Sandy Hook Lighthouse, NJ
When the American Revolution began in 1775, there were eleven lighthouses on the coasts of the original thirteen colonies. These lighthouses became targets of control for both armies in order to control the shipping lanes.
The very first lighthouse in the country while under British control was Boston Light, built in 1716 by the Massachusetts Bay Colony. Other colonies followed suit and also built and operated lighthouses as aids to navigation and commerce.
In 1764, at the entrance to New York Harbor, the 103-foot Sandy Hook lighthouse was built.
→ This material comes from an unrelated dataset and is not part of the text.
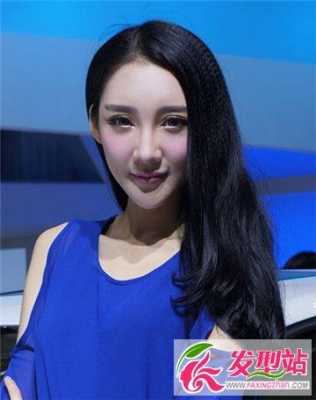 怎么用瓜子摆出人脸,瓜子脸型适合什么发型女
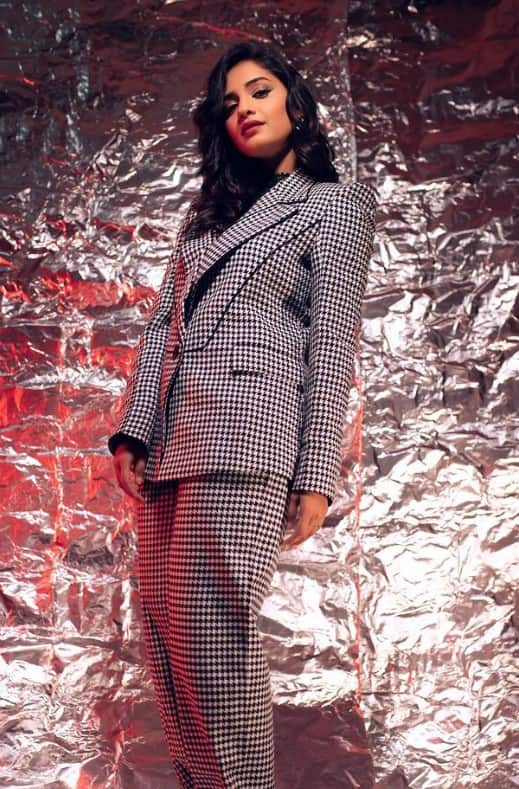 अभिनेत्री हृता दुर्गुळेने फारच कमी कालावधीत स्वत:ची वेगळी ओळख निर्माण केली आहे.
But in March of 1776, fear of a British invasion of New York City spurred the Congress of New York to order the Continental Army to extinguish the Sandy Hook beacon and remove its lens. Major William Malcolm and his troops succeeded in making the light inoperable, thus thwarting the tower’s use for the enemy.
However, three months later, British troops had regained control of the tower, rigging a replacement lens to project a beacon for British ships. U.S. sailors retaliated by bombarding the tower in an attempt to extinguish the light again.
Although the light remained in British hands, the tower survived the bombardment and still stands today, bearing evidence of its injuries during the onslaught.
The Boston Light, however, didn’t survive the Revolution. The same month of the Sandy Hook battle, British troops blew up Boston Light. In fact, none of the other remaining nine lighthouses still survive.